Invesco’s Claudia Calich certainly made hay – clocking up Citywire ratings for 18 consecutive months for her strong performance across hard and local currency as well as corporate developing world debt. However, the global downturn of late 2008 changed all that.
In the eight years prior, Calich had consistently outperformed her benchmark. She returned 153% in US dollar terms compared to the JP Morgan EMBI Global, which rose 127% over the same period. But Calich has struggled to regain her form over the past four years.
Yes, she was badly hit by the downturn but she stands by her overall approach to what was, and still is a nascent asset class both in terms of size and sophistication.

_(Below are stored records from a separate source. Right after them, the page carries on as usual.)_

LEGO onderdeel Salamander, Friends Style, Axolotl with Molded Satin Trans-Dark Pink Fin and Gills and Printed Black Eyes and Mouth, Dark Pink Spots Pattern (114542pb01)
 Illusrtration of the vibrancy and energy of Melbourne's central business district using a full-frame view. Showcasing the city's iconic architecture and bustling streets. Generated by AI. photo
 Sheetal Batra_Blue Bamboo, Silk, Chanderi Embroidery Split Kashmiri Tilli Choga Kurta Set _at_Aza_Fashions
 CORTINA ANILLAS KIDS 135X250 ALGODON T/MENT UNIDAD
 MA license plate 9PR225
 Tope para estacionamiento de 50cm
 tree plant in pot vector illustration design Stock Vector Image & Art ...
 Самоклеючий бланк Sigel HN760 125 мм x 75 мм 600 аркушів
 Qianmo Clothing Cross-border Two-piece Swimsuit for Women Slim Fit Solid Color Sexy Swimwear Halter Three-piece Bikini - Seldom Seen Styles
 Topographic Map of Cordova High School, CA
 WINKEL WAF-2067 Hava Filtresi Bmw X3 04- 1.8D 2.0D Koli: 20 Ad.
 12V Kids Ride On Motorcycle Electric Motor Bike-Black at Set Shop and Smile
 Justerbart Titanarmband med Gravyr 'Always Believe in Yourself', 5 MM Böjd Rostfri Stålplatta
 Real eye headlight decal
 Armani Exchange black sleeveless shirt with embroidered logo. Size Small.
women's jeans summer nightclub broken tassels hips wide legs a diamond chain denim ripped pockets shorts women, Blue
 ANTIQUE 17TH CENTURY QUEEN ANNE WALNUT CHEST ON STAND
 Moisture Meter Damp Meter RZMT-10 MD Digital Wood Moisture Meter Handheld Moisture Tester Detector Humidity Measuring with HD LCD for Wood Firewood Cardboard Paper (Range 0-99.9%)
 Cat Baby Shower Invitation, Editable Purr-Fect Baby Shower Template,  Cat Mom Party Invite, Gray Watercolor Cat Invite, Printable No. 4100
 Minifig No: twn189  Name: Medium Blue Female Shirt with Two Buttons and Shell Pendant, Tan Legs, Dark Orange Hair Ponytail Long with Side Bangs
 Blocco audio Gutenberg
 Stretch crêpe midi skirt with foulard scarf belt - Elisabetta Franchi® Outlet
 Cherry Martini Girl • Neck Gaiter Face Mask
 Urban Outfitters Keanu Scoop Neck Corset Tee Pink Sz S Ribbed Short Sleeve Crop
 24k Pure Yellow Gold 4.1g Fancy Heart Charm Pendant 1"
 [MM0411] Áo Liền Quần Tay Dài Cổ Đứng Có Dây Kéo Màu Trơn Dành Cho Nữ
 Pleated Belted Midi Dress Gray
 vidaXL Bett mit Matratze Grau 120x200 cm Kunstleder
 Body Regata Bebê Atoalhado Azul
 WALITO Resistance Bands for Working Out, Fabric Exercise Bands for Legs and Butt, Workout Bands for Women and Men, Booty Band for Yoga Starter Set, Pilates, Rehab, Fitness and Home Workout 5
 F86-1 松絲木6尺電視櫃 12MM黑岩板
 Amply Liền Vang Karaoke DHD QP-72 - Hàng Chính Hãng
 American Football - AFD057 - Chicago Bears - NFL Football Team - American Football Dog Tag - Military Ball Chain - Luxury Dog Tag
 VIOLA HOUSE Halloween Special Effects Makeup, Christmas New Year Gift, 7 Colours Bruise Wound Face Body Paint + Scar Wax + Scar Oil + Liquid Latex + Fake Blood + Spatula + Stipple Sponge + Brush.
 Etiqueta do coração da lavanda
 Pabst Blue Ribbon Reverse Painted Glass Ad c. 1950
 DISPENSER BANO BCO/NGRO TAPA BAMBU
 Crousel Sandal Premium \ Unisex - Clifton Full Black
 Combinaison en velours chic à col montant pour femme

‘Look, 2008 was a huge underestimation of liquidity requirements post Lehman,’ she says.
'You not only had the markets freezing up as a result of various credit risks and counterparty risks but there were also the outflows from riskier assets into safe havens and this trend hit us particularly hard.'
We had a fair share of redemptions, as did a lot of our competitors, but in a couple of cases we had higher than average redemptions and that translated into negative performance both on an absolute and relative basis.’
Calich says part of the impact on her performance came from being forced to sell key positions in a sub-optimal market. However, she does admit some of the riskier positions left her exposed.
‘There were a couple of credits where perhaps we should not have been overweight or we should have been underweight at that time, including some of the riskier calls like Argentina and some of the smaller corporates.’
In the aftermath Calich and her team reviewed their approach. They upped their liquidity threshold and not only applied this to corporates but in some cases to sovereigns as well.
‘The increased liquidity is coming from our exposure in EM corporates, where we have a wider array of companies to choose from than in 2008,’ says Calich.